Her face looked pinched and old in the gray light sifting in through the transom. “May I ask what my ex-husband is paying you to look for our son?”

“A thousand dollars. That’s a four-day retainer.” I opened the door. Someone sitting behind the wheel of a black Corvette parked across the end of the driveway perked up, then saw me, and settled back into his slump.

“I might have guessed,” she said. “If Sandy were trapped in an alley and a truck were bearing down on him, he’d throw money at it.”

I got out of there.

4

T
HE PARTY IN THE
’vette observed my approach down the walk through a pair of pink-tinted sunglasses. No one in those parts had seen the sun since November. His face was suety and he was wearing a toupee that had cost him some change ten years ago, but it hadn’t gone gray like his sideburns. It looked like an angry black cat crouching on his head. He had on a blue leisure suit over a white turtleneck, young man’s clothes. He was upwards of forty.

I didn’t realize the engine was running until I was standing next to it. He could have heard the dashboard clock humming if he had one that worked, and I bet he had. “Here for Fern?” I fed my face a butt.

He had slid over as far as the console allowed and rolled down the passenger’s window to catch my philosophy. He looked at the question from both sides, then said, “Yeah,” cautiously.

“Hope you brought training wheels.”

He was still turning that one over when the lady came out of the house. Purple dress showed under the hem of a long gray coat with a high waist, and under that black leather boots with needle heels. She was still too short for professional basketball. “I see you two have met.”

“We had word,” I said.

She didn’t let it puzzle her long. “Ernie’s taking me to a party.”

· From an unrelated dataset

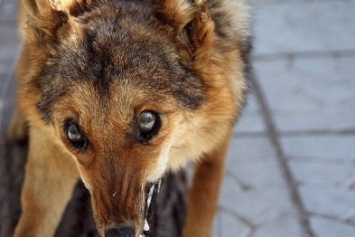 В Харьковской области бешеная собака укусила хозяйку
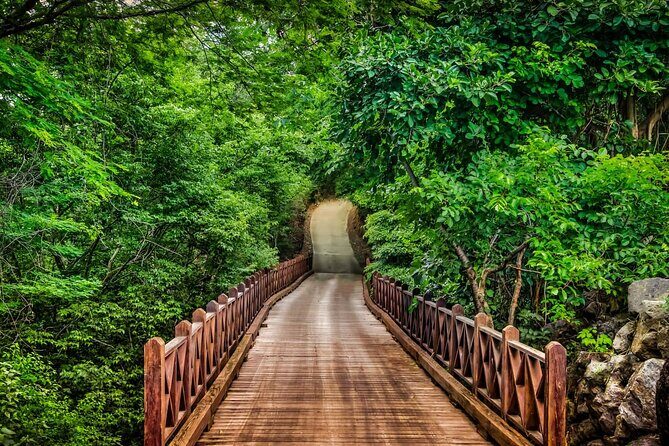 Liberia Airport Private Transfer To Gulf of Papagayo Costa Rica - Final Thoughts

“Where at, the intensive care ward?”

“Who is this guy?” demanded Ernie. He hadn’t budged except to flip up the lock button on the passenger’s side. Galahads like him are as rare as zippers these days.

“His name’s Walker.” She was looking at me with that canary-feather smile. “He says he’s a detective.”

“Oh, yeah? Well, no money changed hands.” Ernie was a card.

“What would someone like you be doing when he’s not sleuthing?” she asked.

“I collect bruises.”

“Hey, you hitting on this guy on my time?”

She ignored him. “I guess your number’s in the book. I may use it some time.”

“I may answer.” I opened the door for her.

She got in and looked up at me. “I’m serious. Maybe we can have a drink. Or something.”

“Give my neck a break and leave the heels at home.”

Her smile got too heavy for her. She let go of it and swung the door shut. I barely got my fingers out of the way. Ernie tried to splash me with mud from his rear wheel, but I stepped back and saved everything above the knees. I stood on the frozen wet grass, watching them roar away and getting rained on the smoking and sounding the depths of my ability to say the wrong thing.